Sandy takes toll on Halloween parties, could disrupt candy sales
The economic damage wrought by Sandy’s rampage through the East Coast now might encompass candy sales, costume purchases and holiday event planners as the storm shuts down Halloween celebrations along its path.
For the first time in 39 years, the popular Village Halloween Parade in New York City was canceled by authorities. The event usually brings hundreds of thousands of tourists and some $90 million in visitor dollars annually into the city and is often considered by Greenwich Village businesses to be their best night of the year.
The Park Slope Civic Council’s Halloween Parade was also nixed as police, sanitation workers and other city employees were redirected to aid recovery efforts.
“Even though the streets in the neighborhood are walkable, we felt this was not a priority given needs elsewhere in the City,” said Civic Council President Michael Cairl in a statement.
Model Heidi Klum called off her much-hyped and celebrity-studded annual bash.
“Hope you & your loved ones are safe after the storm,” she wrote on Twitter. “Canceling my Halloween party ... postponing to a haunted Christmas.”
Along much of the Eastern Seaboard, downed trees blocked off streets as fallen power lines sparked on the ground. Gov. Chris Christie of New Jersey tweeted that if trick-or-treating conditions weren’t safe Wednesday, he would “sign an Executive Order rescheduling #Halloween.”
Before the super storm, analysts had projected this Halloween to be a record-breaker, with some 170 million Americans celebrating, spending $8 billion, according to the National Retail Federation.

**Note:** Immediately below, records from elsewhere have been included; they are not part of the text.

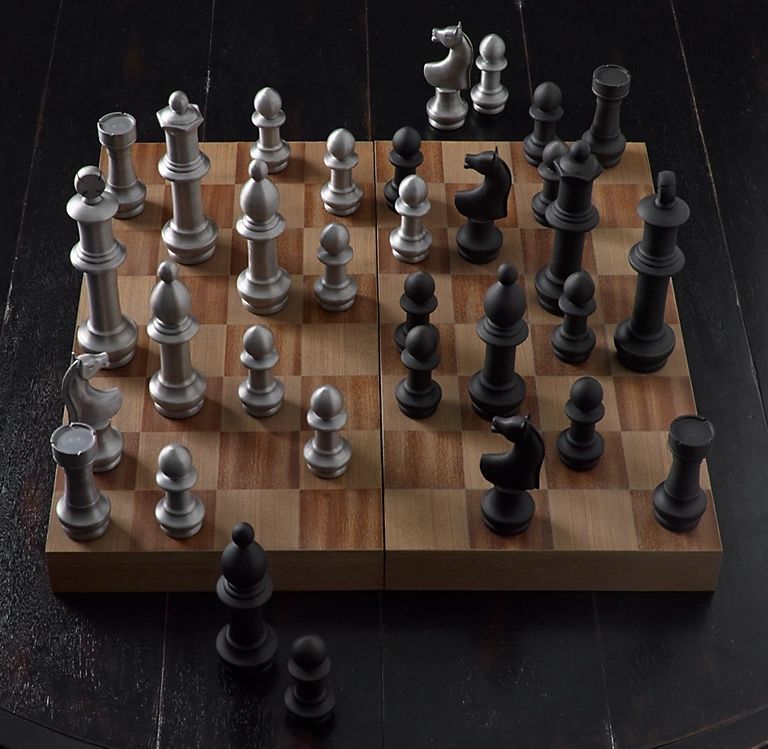RESTORATION HARDWARE GIANT VINTAGE WOOD BOARD & ALUMINUM PIECES CHESS SET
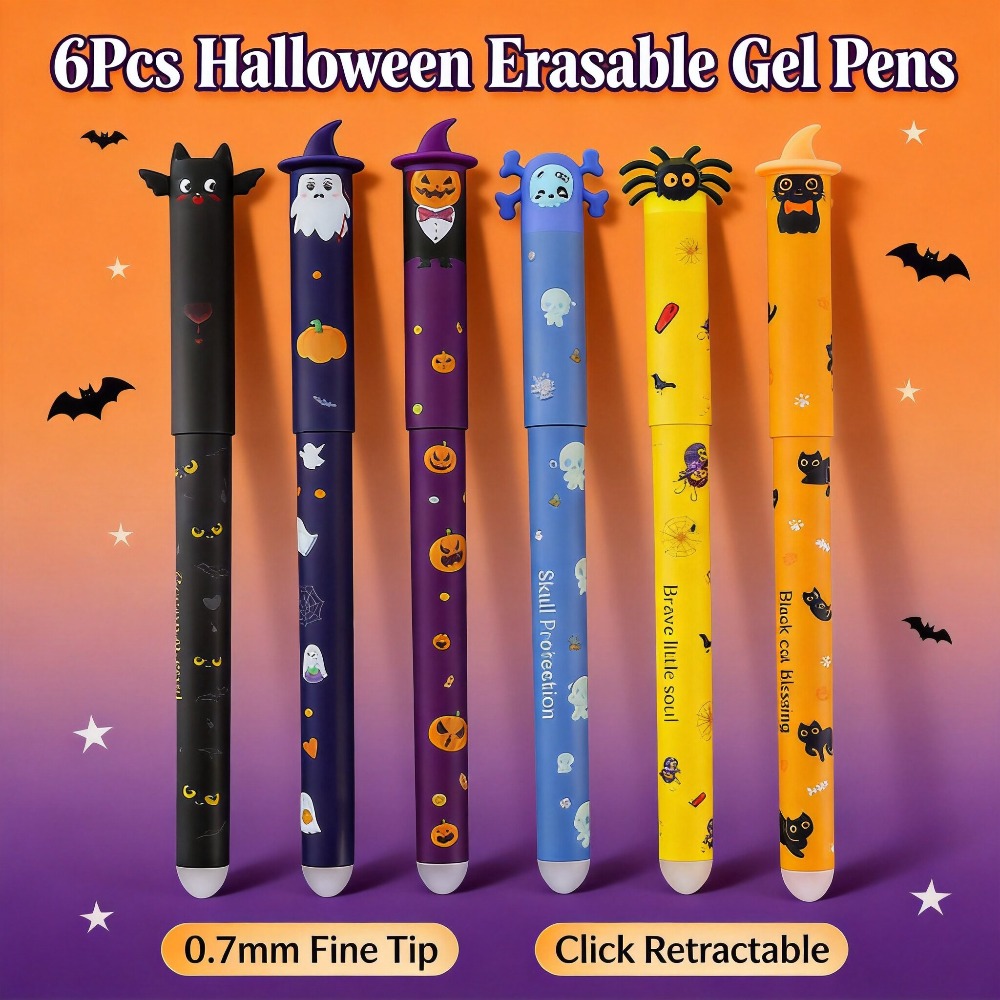 ปากกาเจลลบได้สำหรับฮาโลวีน 1-6 - Retractable Eraser Pen Click บทวิจารณ์และราคา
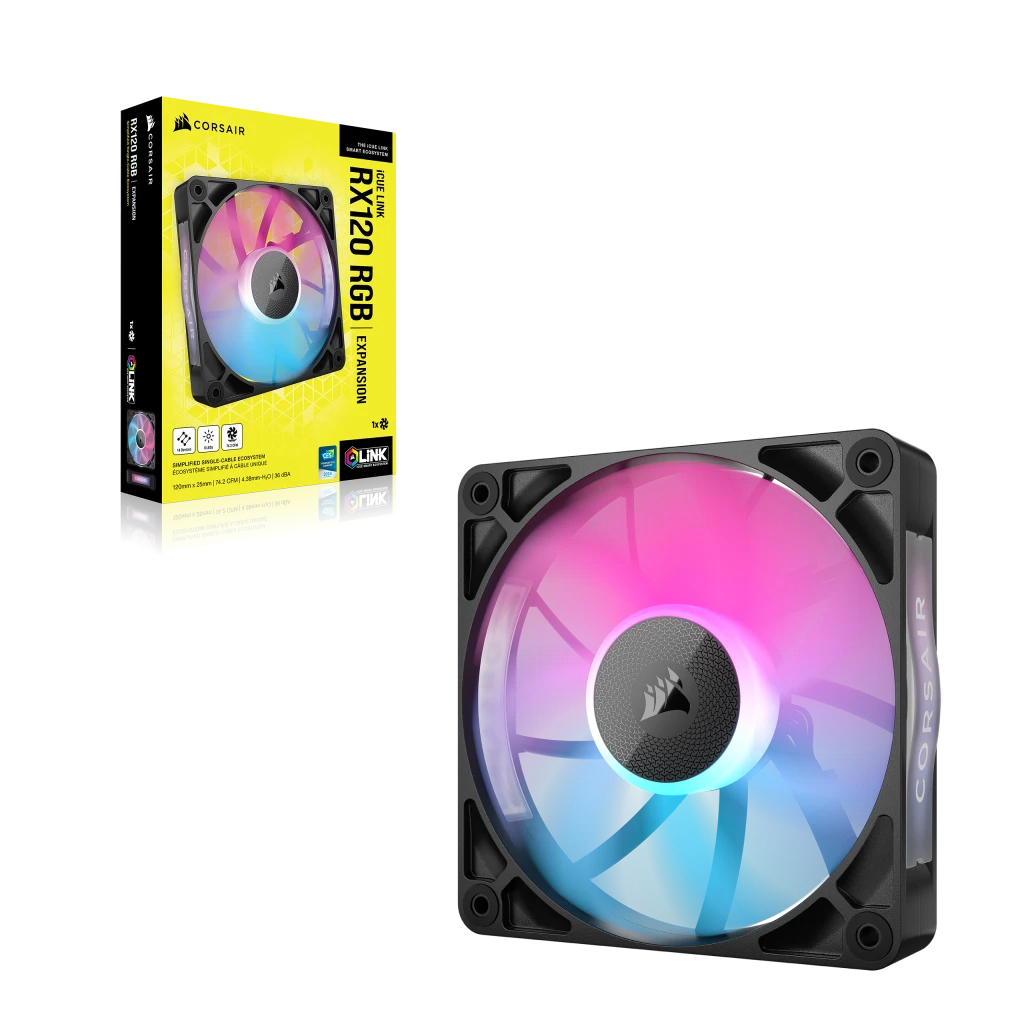 Corsair - Ventilador Corsair iCUE Link RX120 RGB PWM Negra 120mm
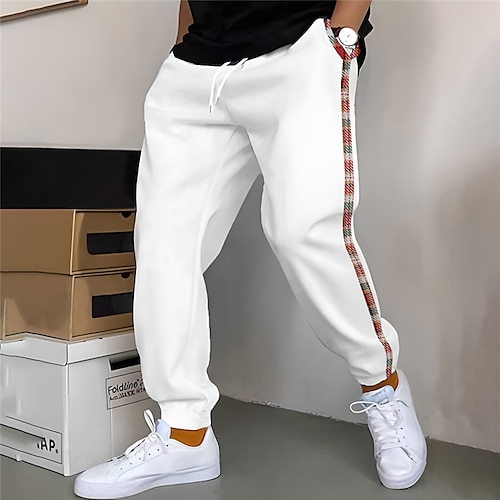 

Men's Sweatpants Joggers Trousers Drawstring Elastic Waist Elastic Cuff Plaid Patchwork Comfort Breathable Casual Daily Holiday Sports Fashion Black White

The National Confectioners Assn. predicted that consumers would shell out $2.4 billion on candy – more than any other year in the last decade, and with much of the customer traffic coming at the last minute.
Of the more than 2,000 fright fest attractions nationwide, as estimated by the Haunted House Assn., many of the most novel ones originate in New York. The average event brings in 8,000 paying guests, with the overall industry generating $400 million to $500 million in ticket sales. Haunted houses spend some $85 million a year on advertising.
The pumpkin market is highly seasonal, with New York and Pennsylvania among the top states for production. The market for the squash was valued at $113 million last year, according to the Agricultural Marketing Resource Center.
But Sandy might take a hefty bite out of all those projections if wary partiers stay at home, take down their decorations and keep their children off the slippery streets.